Requirement: Beginning with the line that contains "impacts of cyber", reproduce the remaining lines of the material exactly, up to and including the last one, but no pictures.

Source data:
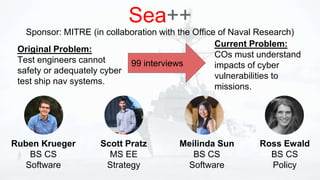 Ruben Krueger
BS CS
Software
Scott Pratz
MS EE
Strategy
Meilinda Sun
BS CS
Software
Ross Ewald
BS CS
Policy
Sea++
Original Problem:
Test engineers cannot
safety or adequately cyber
test ship nav systems.
99 interviews
Current Problem:
COs must understand
impacts of cyber
vulnerabilities to
missions.
Sponsor: MITRE (in collaboration with the Office of Naval Research)
 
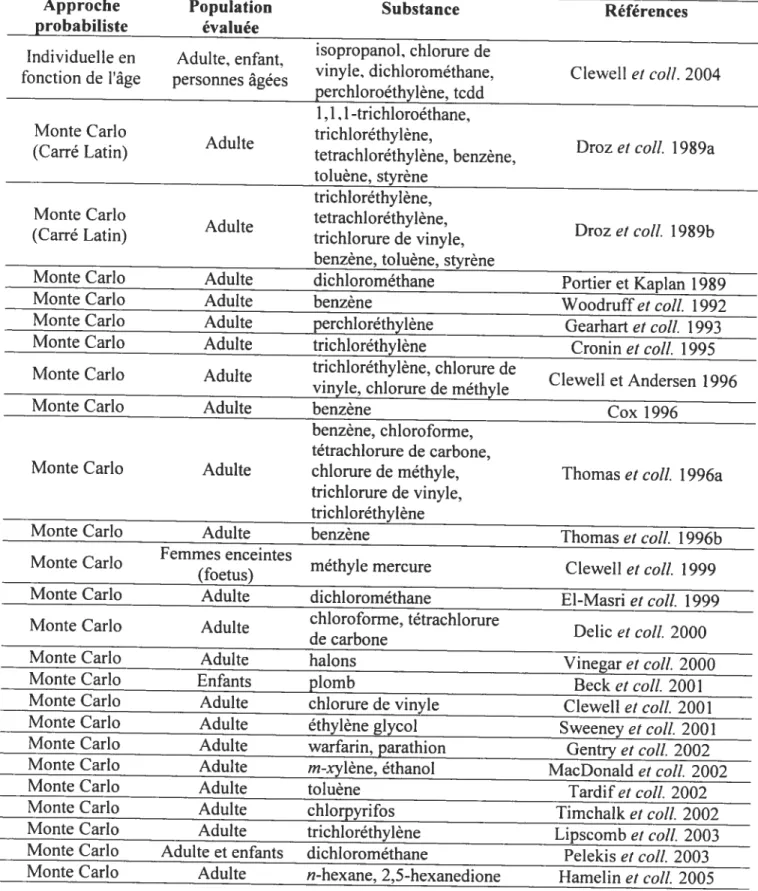 Tableau l-3 Exemples d’études de modélisation PBPK sur la variabilité interindividuelle de population.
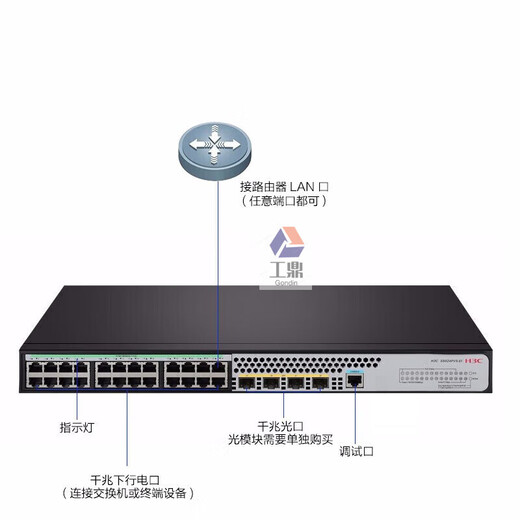 二层网管企业交换机S5008/5016/5024/5048PV5-E S5048PV5-EI48口千兆电4口千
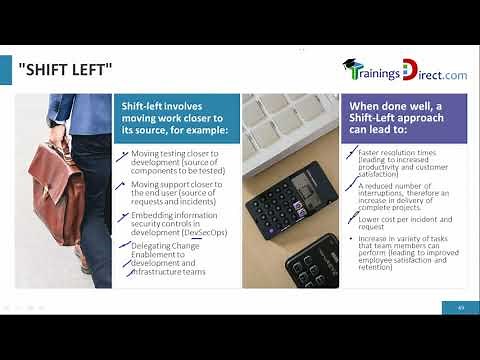 Understand How to use the SHIFT LEFT approach - ITIL 4 Create Deliver | Support by 1WorldTraining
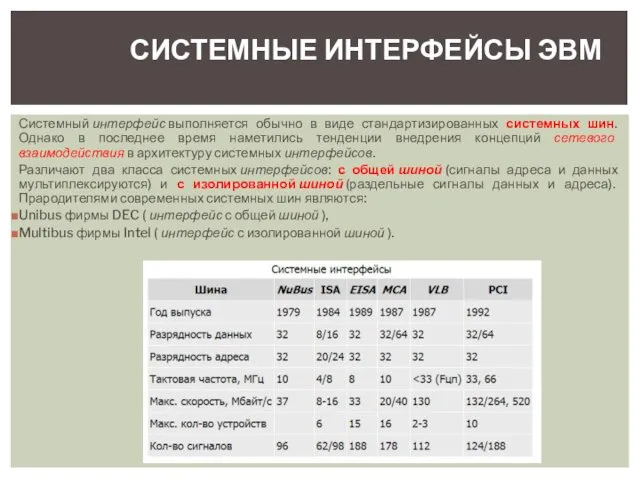 Системный интерфейс выполняется обычно в виде стандартизированных системных шин. Однако в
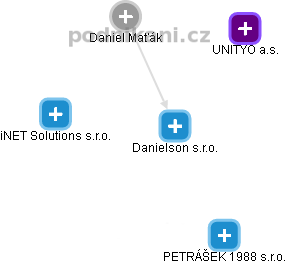 Danielson s.r.o. - obrázek vizuálního zobrazení vztahů obchodního rejstříku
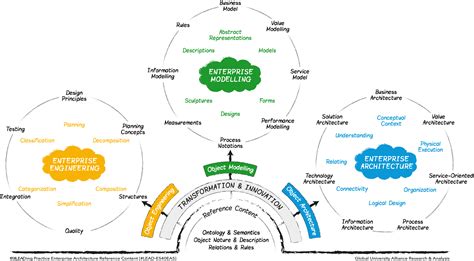 Enterprise Engineering Modelling And Architecture Global University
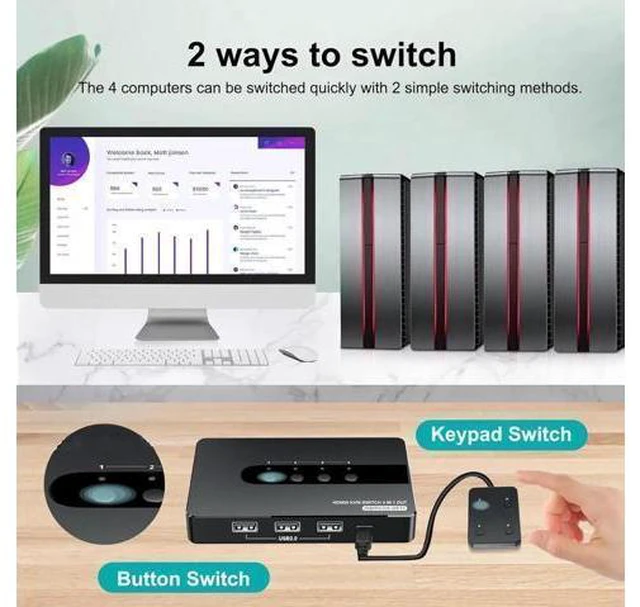 Alt view image 12 of 14 - 4 Port HDMI KVM Switch for 4 Computers 1 Monitor, 4 in 1 Out HDMI KVM Switches Support UHD 4K@30HZ with 3 USB 2.0 Port to Share Keyboard Mouse Printer, with Remote Control&Button Switch, Support EDID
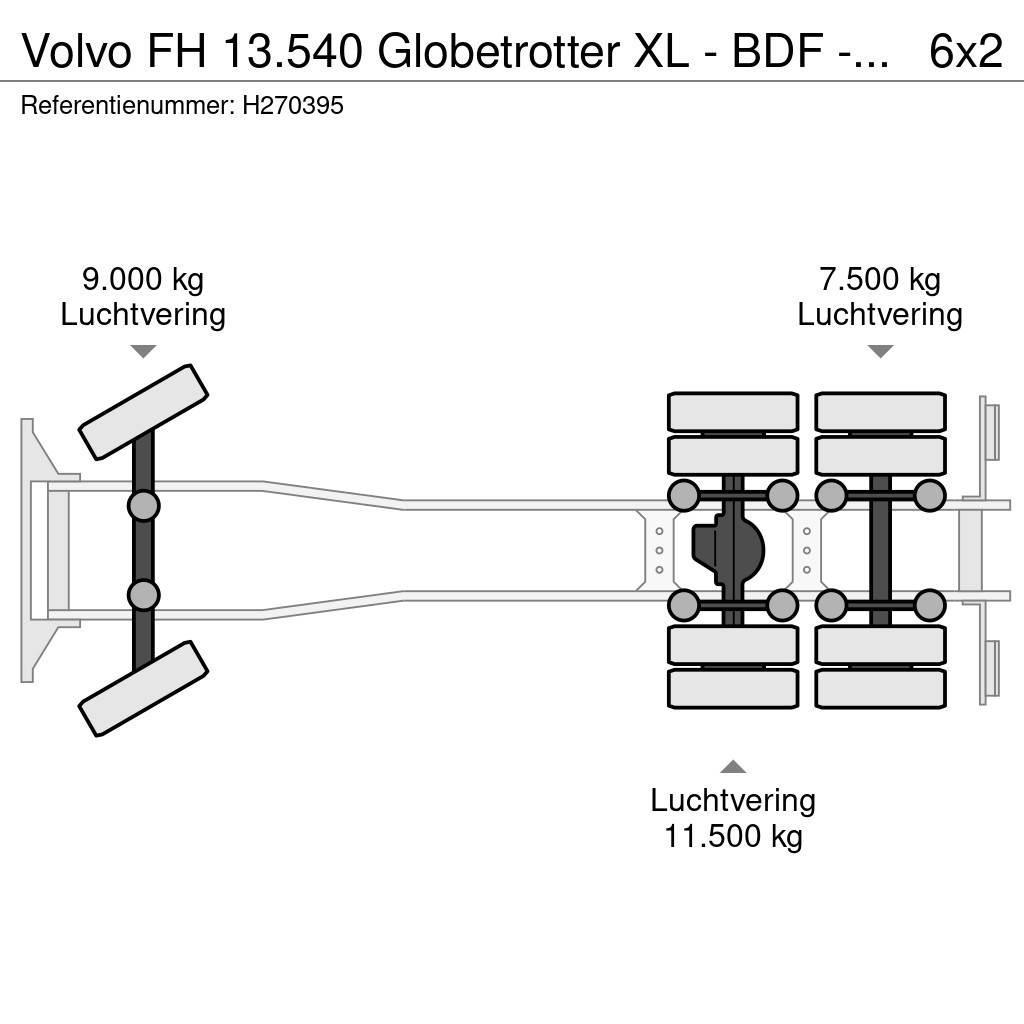 Volvo FH 13.540 Globetrotter XL - BDF - Retarder - Full Trossüsteemiga vahetuskere veokid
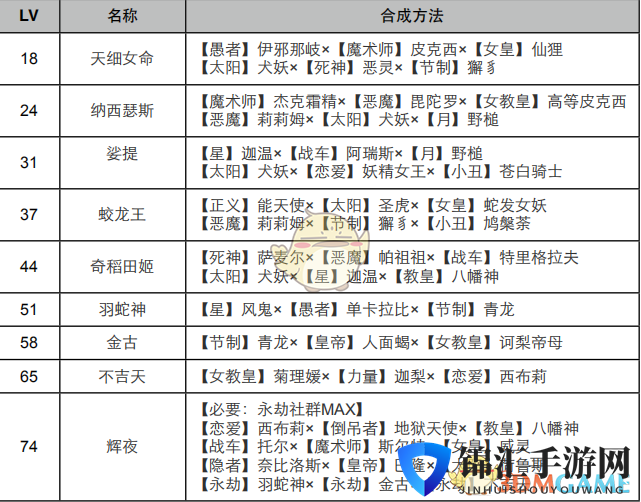《女神异闻录4：黄金版》永劫面具合成表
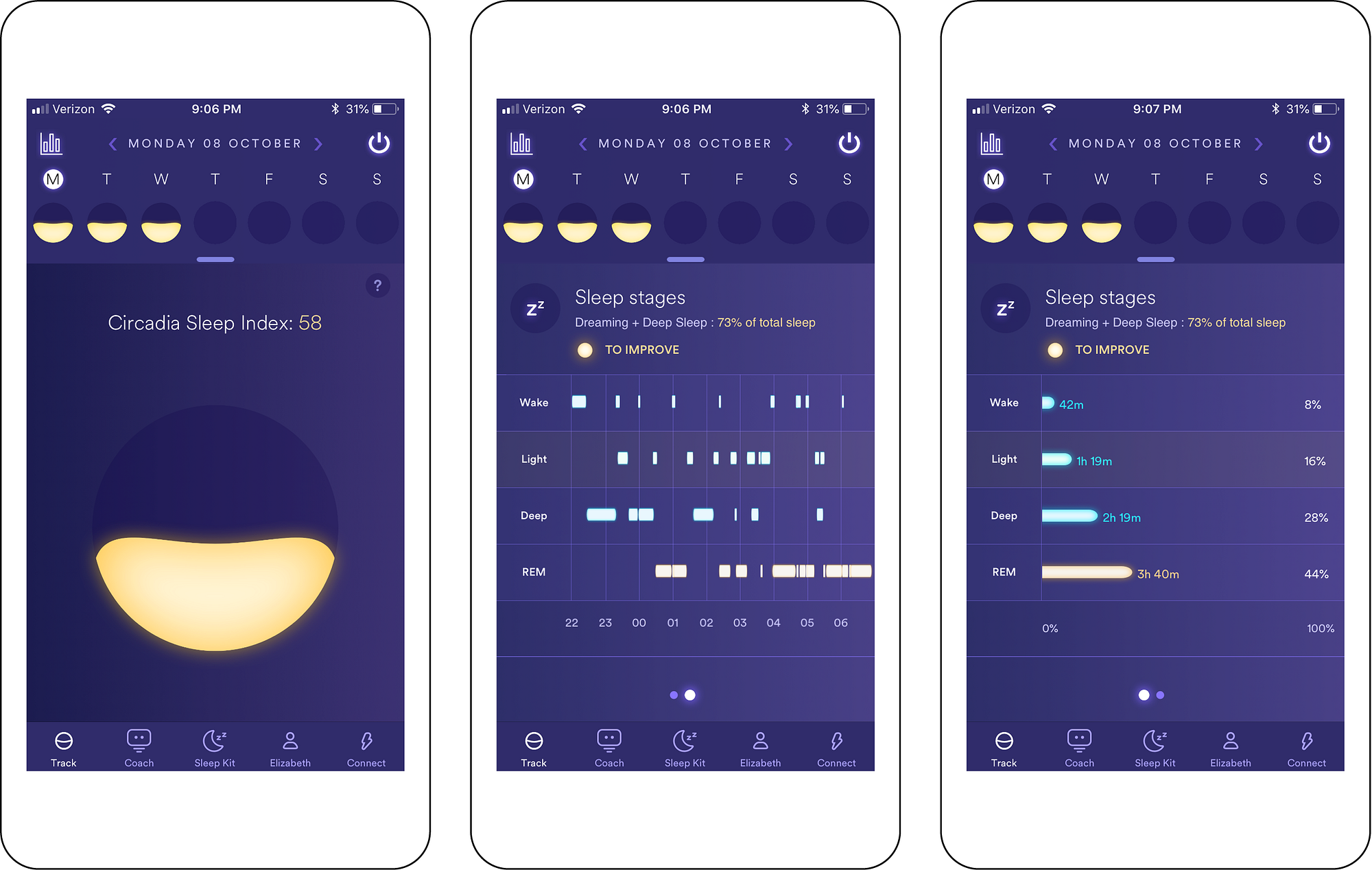 Can't Sleep? This Tech Could Put You in Sync with the Sun | by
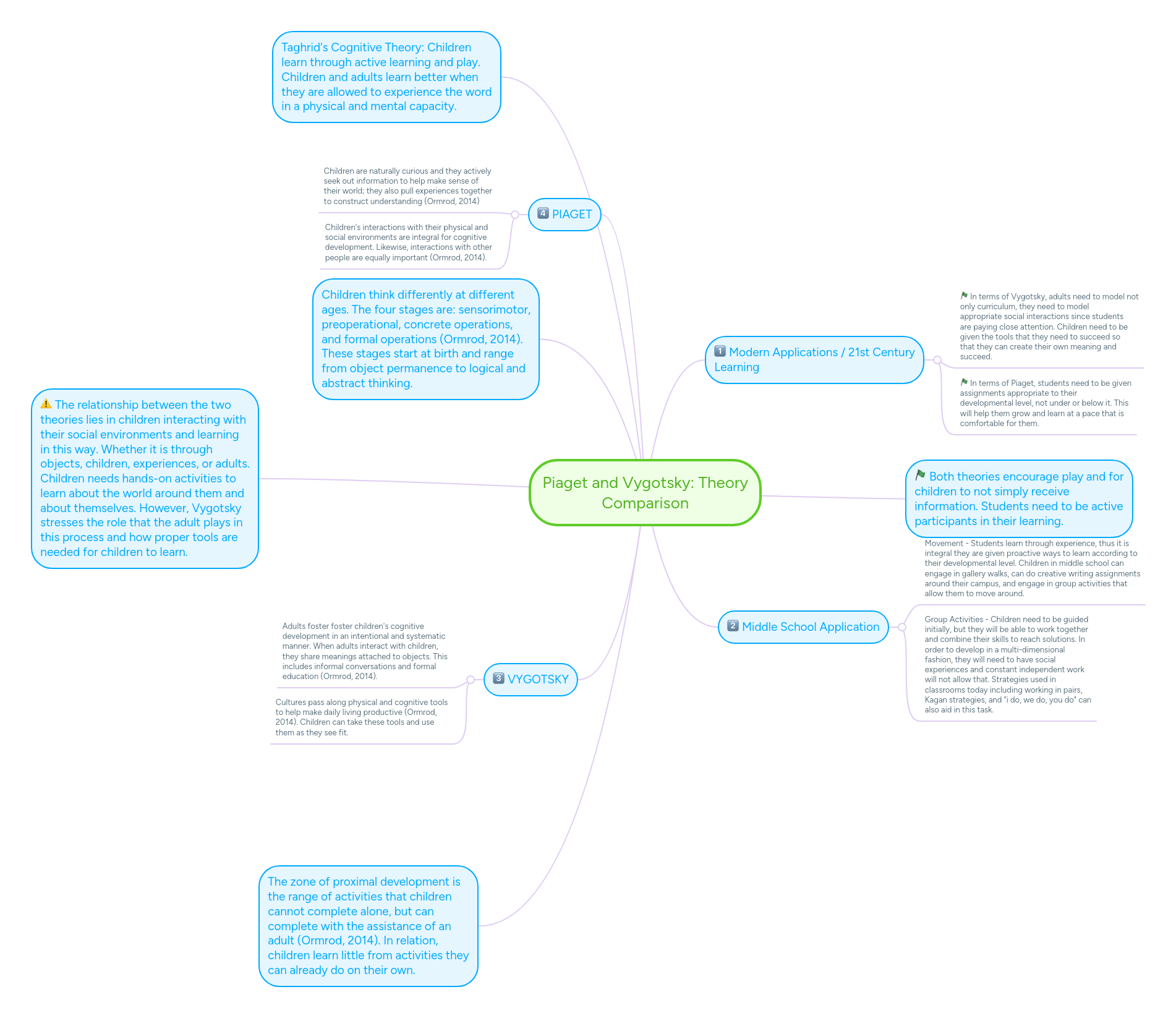 Piaget and Vygotsky Theory Comparison MindMeister Mind Map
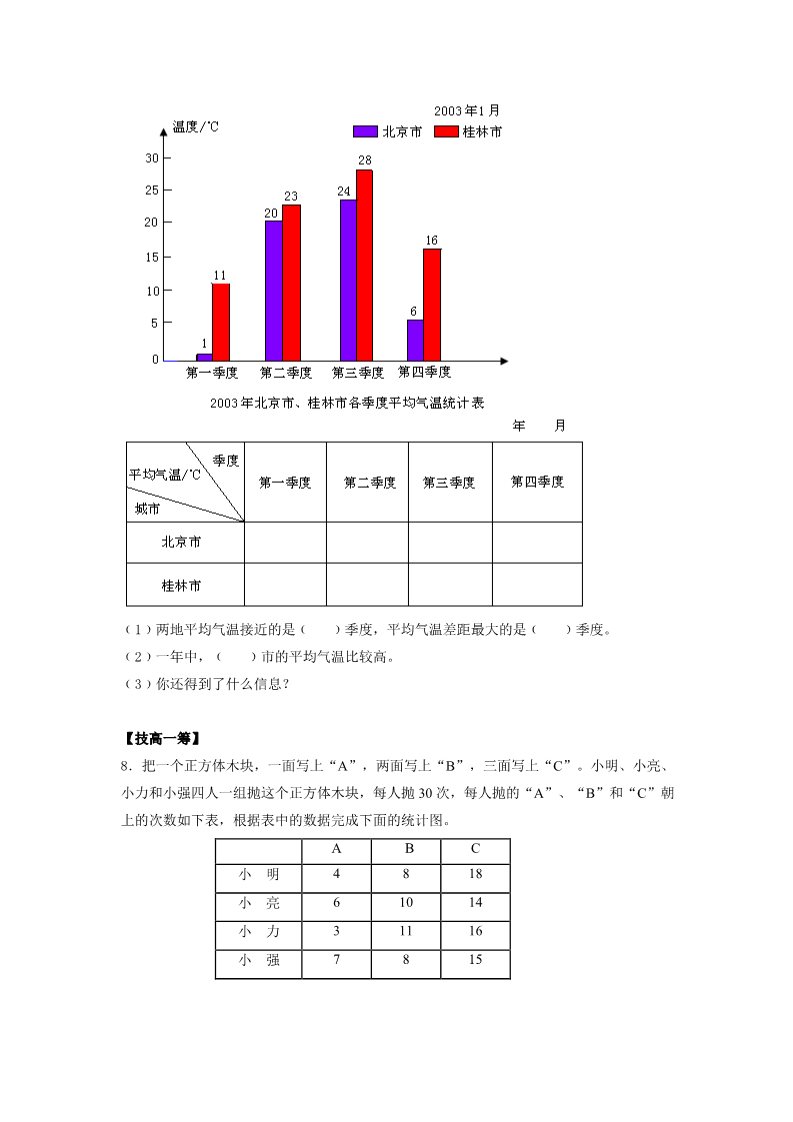 四年级上册数学（人教版）《条形统计图》同步练习1第4页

Problem solution:
impacts of cyber
vulnerabilities to
missions.
Sponsor: MITRE (in collaboration with the Office of Naval Research)
 
 Tableau l-3 Exemples d’études de modélisation PBPK sur la variabilité interindividuelle de population.
 二层网管企业交换机S5008/5016/5024/5048PV5-E S5048PV5-EI48口千兆电4口千
 Understand How to use the SHIFT LEFT approach - ITIL 4 Create Deliver | Support by 1WorldTraining
 Системный интерфейс выполняется обычно в виде стандартизированных системных шин. Однако в
 Danielson s.r.o. - obrázek vizuálního zobrazení vztahů obchodního rejstříku
 Enterprise Engineering Modelling And Architecture Global University
 Alt view image 12 of 14 - 4 Port HDMI KVM Switch for 4 Computers 1 Monitor, 4 in 1 Out HDMI KVM Switches Support UHD 4K@30HZ with 3 USB 2.0 Port to Share Keyboard Mouse Printer, with Remote Control&Button Switch, Support EDID
 Volvo FH 13.540 Globetrotter XL - BDF - Retarder - Full Trossüsteemiga vahetuskere veokid
《女神异闻录4：黄金版》永劫面具合成表
 Can't Sleep? This Tech Could Put You in Sync with the Sun | by
 Piaget and Vygotsky Theory Comparison MindMeister Mind Map
 四年级上册数学（人教版）《条形统计图》同步练习1第4页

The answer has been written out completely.